My friend Gary Arinder told me about a sermon that he heard some years ago. The main character in the sermon was a young boy who would visit his grandparents every summer during his teenage years. Late at night he and his grandmother would play monopoly, which she would inevitably win. Over the years he dreamed of finally beating his grandmother at their favorite game. At length, I think it was the summer before his Senior year, he won. He, of course, was gloating as they put the pieces back in the box, having achieved the cherished victory after so many years of games. As they put the game away, the grandmother turned to her grandson and said, “Monopoly is like life, in the end it all goes back in the box.”
When Gary told me the story, my mind raced with thoughts and questions. Chief among them was, ‘what do we take with us, if anything, as we move from this life to the next?’ What is really important? Our answer is dictated to us by what we believe about God. I have heard sermons, even recently, when the preacher proclaimed that the chief concern of God was his own glory. Plato would be proud. If God is concerned with his own glory then what we take with us—what counts—are those moments when we glorified God, whatever that may mean. But if we, with the early Church, throw Plato and his in-turned, self-centered God out of our minds and focus upon Jesus, and thus his Father and the Holy Spirit, then we are at once in the world of relationships.
The doctrine of the Trinity means, among other things, that God is not self-centered at all, but profoundly and beautifully other-centered. The Father is not preoccupied with his own glory, but loves his Son and the Spirit. And the Son is not bound in narcissism. He loves his Father with all of his heart, soul, mind and strength, as every page of the Gospels shout. And the Holy Spirit is not burdened with the revelation of his own significance. He glories in shining his light upon the Father and Son and their relationship.
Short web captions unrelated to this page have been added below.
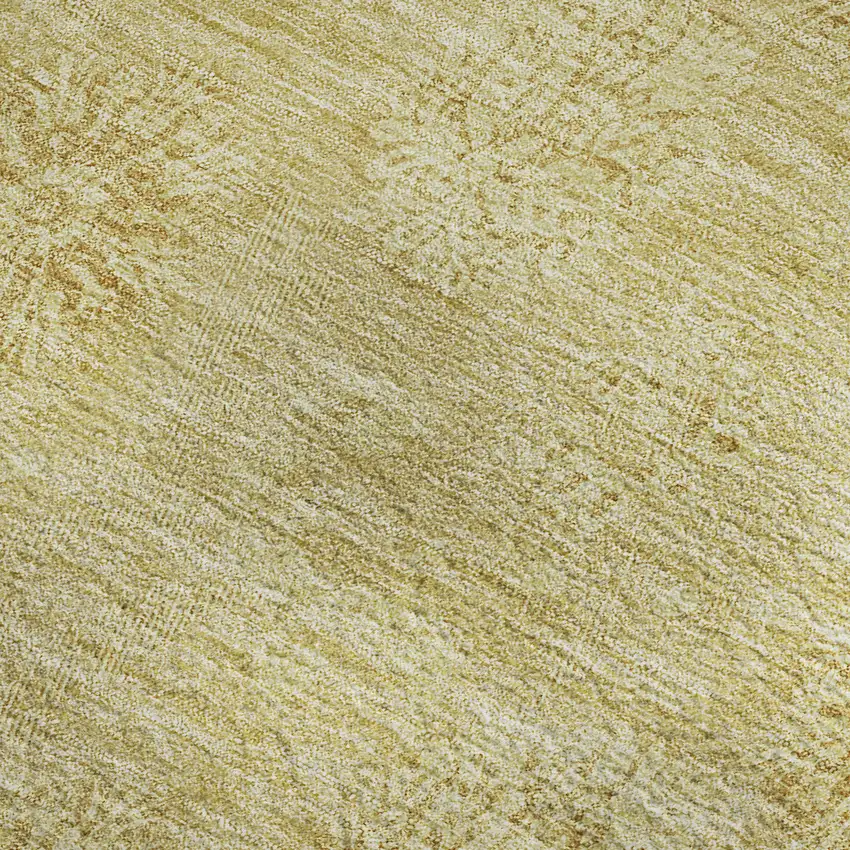 Gold And Ivory Floral Washable Area Rug With UV Protection Photo 4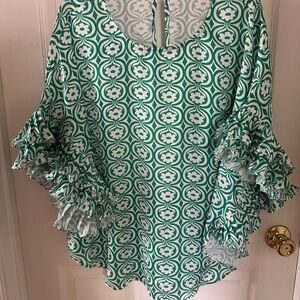 Jodifl Green Floral Ruffle Sleeve Top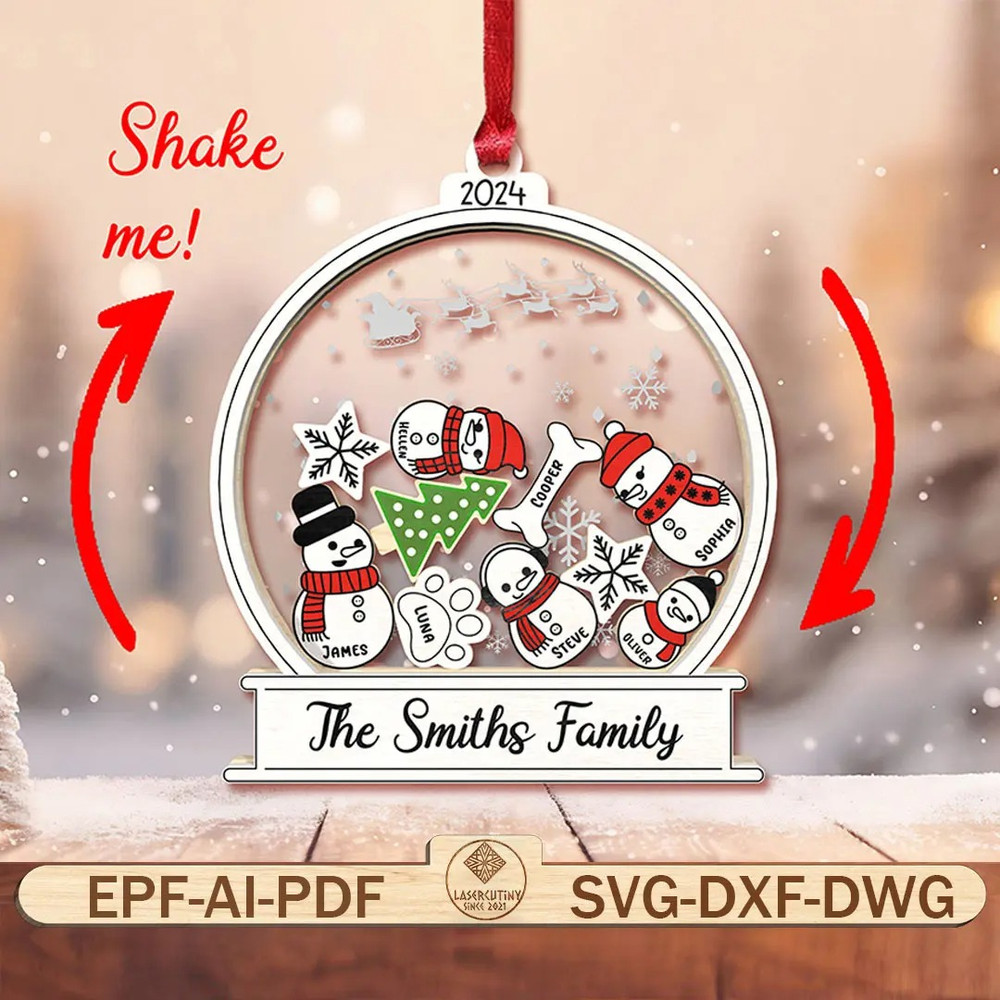 Christmas Ornament Laser Cut FilesThe Smiths Family Christmas Ornament SvgSnowman Christmas Ornamen 0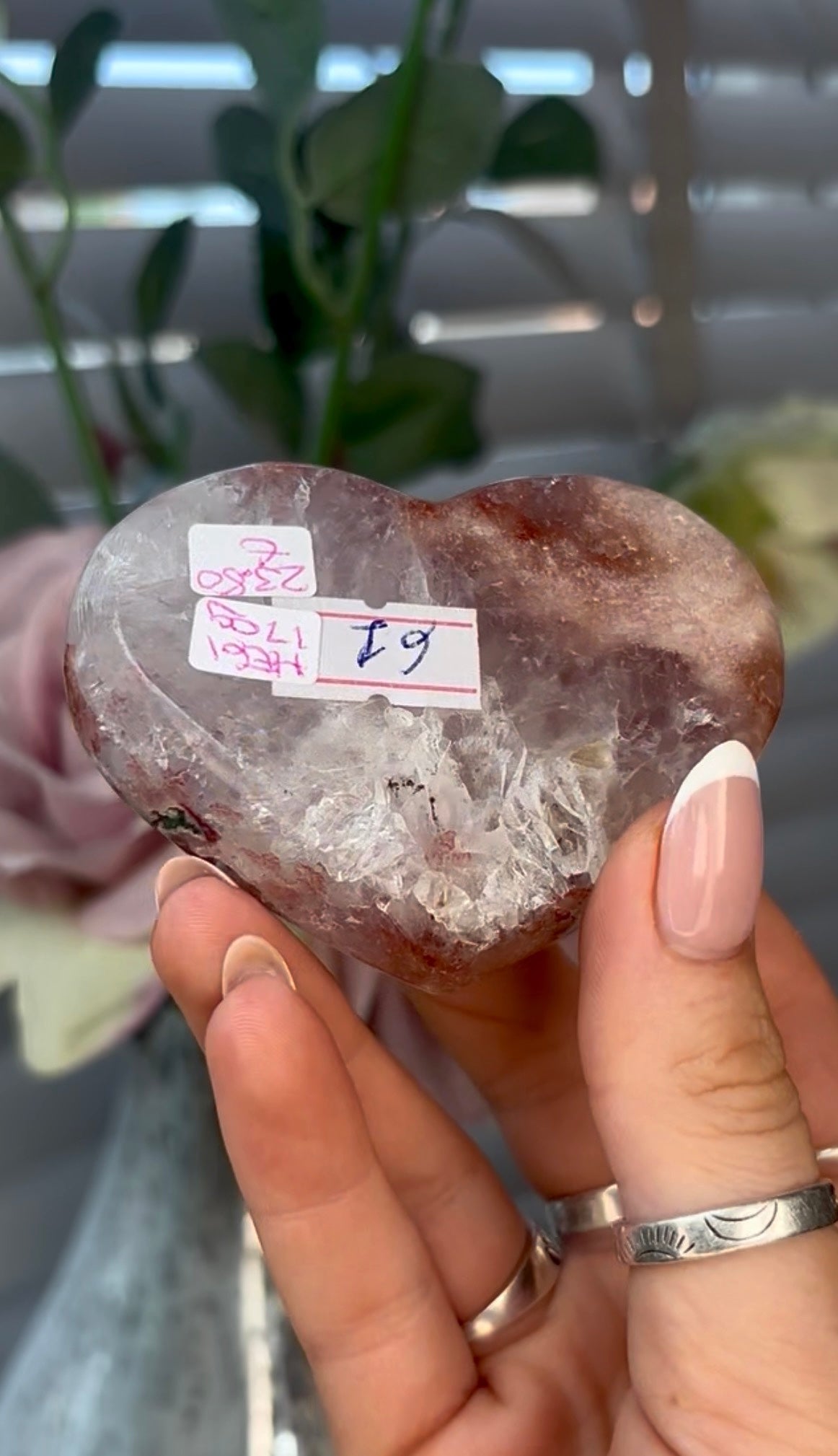 Gorgeous, pink amethyst heart- comes with stand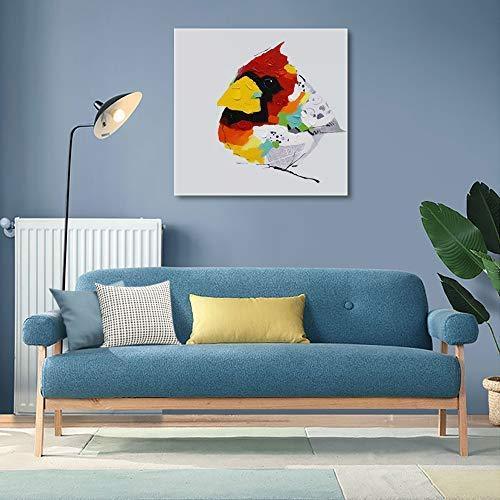 Bignut Art Oil Painting Hand Painted Funny Animal Guitar Frog Wall Art on Canvas Framed Wall Decor for Living Room Bedroom Office (24x24 Inches, Guitar Frog)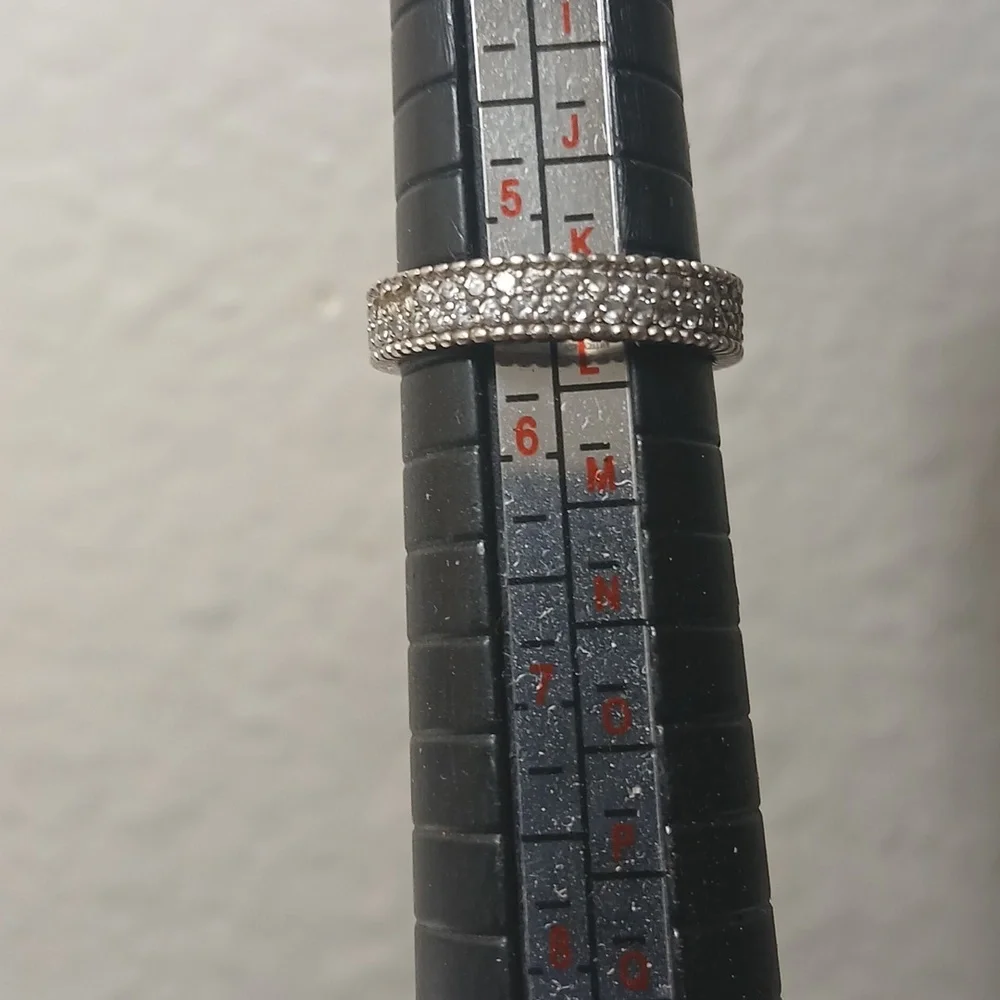 Sterling Diamond Band Unique Edge Vintage Sparkly 5.5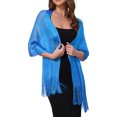thumbnail image 1 of INSPIRE CHIC Women Shawls and Wraps for Evening Dresses Bling Sparkly Shiny Shimmer Dressy for Wedding Party Blue(Silver) 74.8"x17.7"(LxW), 1 of 6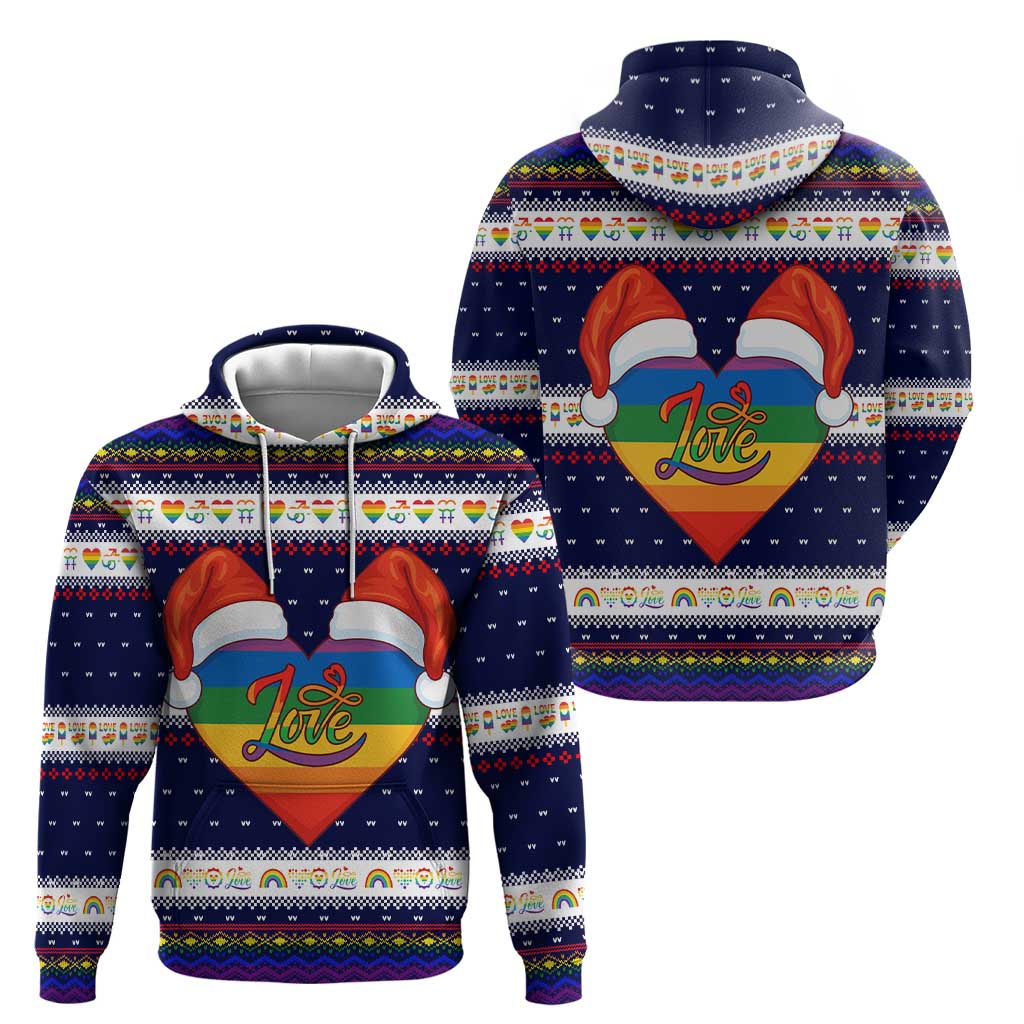 LGBT Heart Christmas Yall Christmas Hoodie Xmas Holiday Patterns - Wonder Print Shop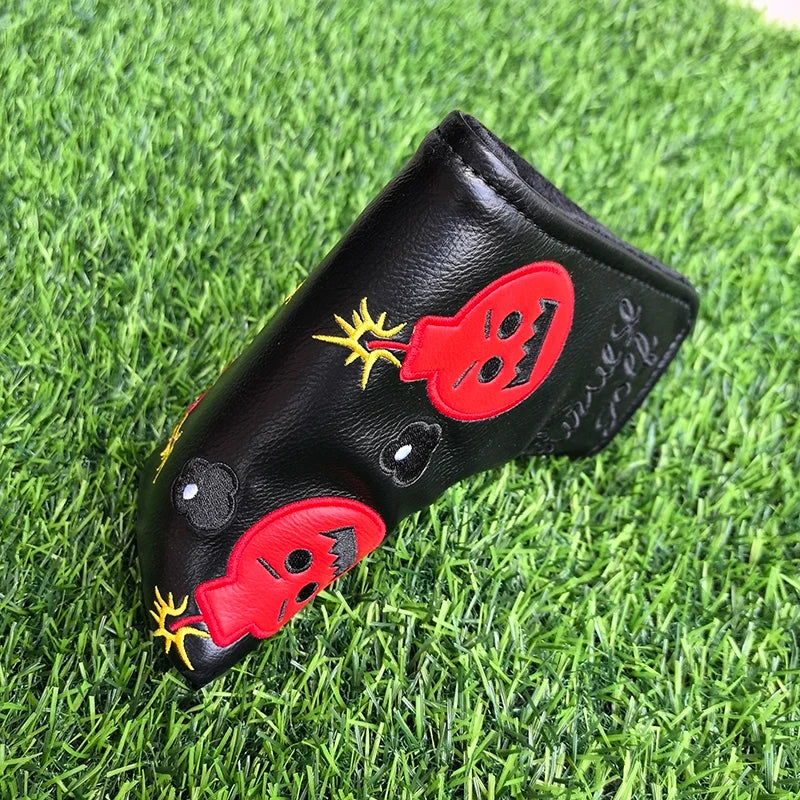 Cartoon Bomb Golf Headcovers PU Leather Driver Fairway Wood Putter Head Covers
My friend Bruce Wauchope of Adelaide, Australia likes to say that 'the currency of heaven is relationships.' The value system of the blessed Trinity is markedly different than ours. In our world money, position, power and prestige matter. But—even as we are learning again in the United States—these are mere illusions which are no more real than the Jolly Green giant. What difference does it make if you are the richest person in the world? For a while you are ‘somebody,’ maybe even ‘the’ somebody, but then you die and your money, and the opinion of your peers goes back in the box. At that moment you find yourself in another world, a world where money and its prestige and power are not valued at all. Your investments prove foolish. You have nothing with which to commend yourself. What really matters? When the game is over and it all goes back in the box, what is left? What do we take with us?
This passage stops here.